Establishing standards and
procedures for software development is critical, since these provide the
framework from which the software evolves. Standards are the
established criteria to which the software products are compared.
Procedures are the established criteria to which the development and
control processes are compared. Standards and procedures establish the
prescribed methods for developing software; the SQA role is to ensure their
existence and adequacy.Proper documentation of standards and
procedures is necessary since the SQA activities of process monitoring, product
evaluation and auditing rely upon unequivocal definitions to measure project
compliance. Types of standards include:
Documentation Standards
specify form and content for planning, control, and product documentation and
provide consistency throughout a project. The NASA Data Item Descriptions (DIDs)
are documentation standards.
Design Standards
specify the form and content of the design product.They
provide rules and methods for translating the software requirements into the
software design and for representing it in the design documentation.
Code Standards
specify the language in which the code is to be written and define any
restrictions on use of language features.
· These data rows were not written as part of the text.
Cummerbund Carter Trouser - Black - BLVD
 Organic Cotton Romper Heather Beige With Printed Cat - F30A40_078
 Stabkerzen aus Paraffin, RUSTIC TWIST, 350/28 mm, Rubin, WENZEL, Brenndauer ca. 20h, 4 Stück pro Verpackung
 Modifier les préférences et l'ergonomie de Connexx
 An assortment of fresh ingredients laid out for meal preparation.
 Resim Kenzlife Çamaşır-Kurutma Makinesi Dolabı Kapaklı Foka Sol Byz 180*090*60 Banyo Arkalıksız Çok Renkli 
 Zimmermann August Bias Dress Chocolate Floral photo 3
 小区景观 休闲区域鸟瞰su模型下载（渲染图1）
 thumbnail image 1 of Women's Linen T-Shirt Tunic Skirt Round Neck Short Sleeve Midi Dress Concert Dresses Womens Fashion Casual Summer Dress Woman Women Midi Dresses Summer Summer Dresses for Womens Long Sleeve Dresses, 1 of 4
They define legal
language structures, style conventions, rules for data structures and
interfaces, and internal code documentation. Procedures are explicit steps to be
followed in carrying out a process. All processes should have documented
procedures. Examples of processes for which procedures are needed are
configuration management, nonconformance reporting and corrective action,
testing, and formal inspections.
If developed according to the
NASA DID, the Management Plan describes the software development control
processes, such as configuration management, for which there have to be
procedures, and contains a list of the product standards. Standards are to be
documented according to the Standards and Guidelines DID in the Product
Specification. The planning activities required to assure
that both products and processes comply with designated standards and procedures
are described in the QA portion of the Management Plan.